A northwest suburban school district has 30 days to allow a transgender high school student use of the girls’ locker room or face legal action by the U.S. Department of Education.
The Education Department on Monday released a copy of a letter to Township High School District 211 in Palatine from the department’s Office of Civil Rights in a case that has drawn a national spotlight due to implications for schools nationwide.
“All students deserve the opportunity to participate equally in school programs and activities – this is a basic civil right. Unfortunately, Township High School District 211 is not following the law because the district continues to deny a female student the right to use the girls’ locker room,” Catherine Lhamon, the department’s assistant secretary for civil rights, said in a statement.
District 211 has maintained that complying with the ruling — stemming from a federal complaint filed in December 2013 by the student’s family — would violate the privacy rights of other students.
The Office of Civil Rights has called the district’s position discriminatory, threatening litigation and enforcement action, including potential loss of federal education funding. District 211 received $6 million in federal funding last year.
The district says it has offered the transgender student access to the girls’ locker room if she agrees to use private space within that locker room for changing or showering during physical education classes and after-school activities.
The student’s family rejects that option. Neither the student — a male who is transitioning to female — nor the high school the student attends, are being identified.
The Office of Civil Rights, in its letter on Monday, reveals that the transgender student has agreed to use the private space if granted unrestricted access to the locker room.
“The district can provide access to this student while also respecting all students’ privacy. We encourage the district to comply with the law and resolve this case,” said Lhamon.
The sticking point is that the district cannot require the student to use that private space. And after months of back and forth, the Office of Civil Rights has now given the district 30 days to comply.
On Monday, the district dug in its heels.
“We do not agree … and remain strong in our belief that the district’s course of action, including private changing stations in our locker rooms, appropriately serves the dignity and privacy of all students,” district administration said in a statement.
“We recognize that this is an emerging and critical matter for school districts nationwide,” the statement continued. “The policy that OCR seeks to impose on District 211 is a serious overreach with precedent-setting implications. The district is prepared to engage in all avenues of due process to determine whether our position of honoring the rights of all the students is within the law.”

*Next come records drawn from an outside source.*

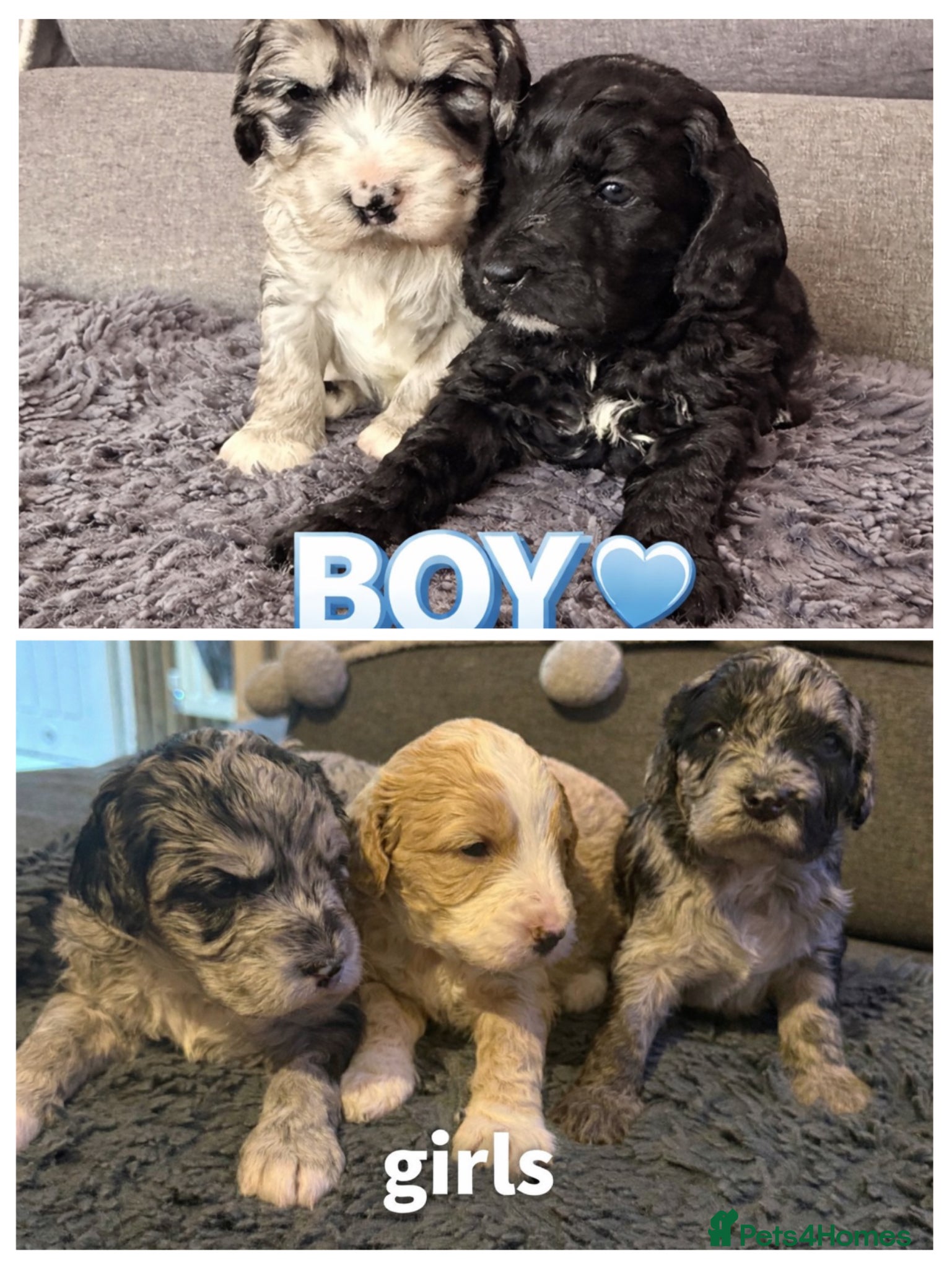 Australian Labradoodle dogs AUSTRALIAN LABRADOODLE  - Advert 4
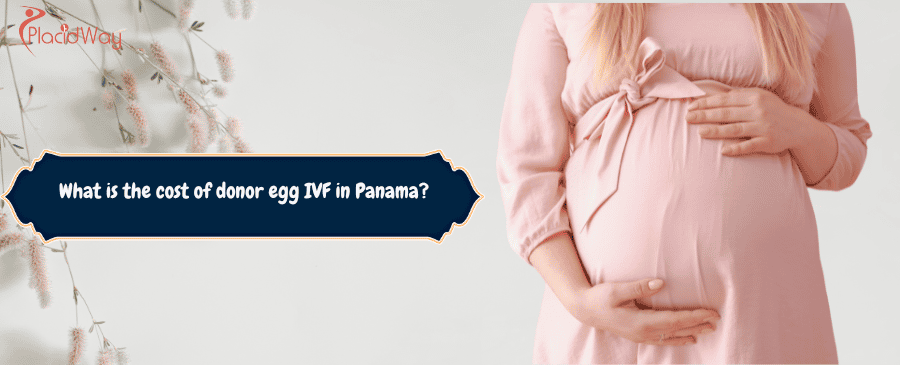 cost of donor egg IVF in Panama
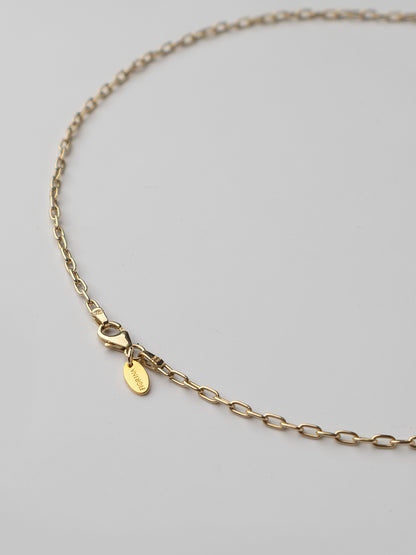 Fiorina Jewellery Gold Petit Pegasus Coin Necklace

Headquartered in Palatine, District 211 serves nearly 12,500 students from Palatine, Hoffman Estates, Inverness and Schaumburg, and parts of seven other northwestern suburbs, in five high schools and two alternative high schools.
The significance of the outcome has led both the district and Education Department to take their cases to the media, first with District 211 Supt. Daniel E. Cates holding a press conference with local and national media about the case on Oct. 12; then the Education Department, which initially declined to discuss the case, now arguing it publicly.
“OCR has engaged in extensive negotiations with the district to resolve the Title IX violation in this case,” states the letter, which is signed by Education Department Regional Director Adele Rapport.
“The evidence establishes that, for more than two school years, the district has denied Student A access to the girls’ locker rooms at the school, and offered only separate facilities to change clothes for her PE classes and athletics activities. The district has asserted its interests in balancing the rights of all students, including the constitutional privacy interests of high school students. … The school’s students have a reasonable expectation of privacy in a locker room setting,” the letter continues.
“Student A has consistently made clear that she would use the privacy curtains to change if allowed access to the girls’ locker rooms,” Rapport writes. “Thus, the evidence establishes that, given Student A’s stated intention to change privately, the district could afford equal access to its locker rooms. If an agreement is not reached within 30 calendar days … OCR must follow … the issuance of a Letter of Impending Enforcement Action.”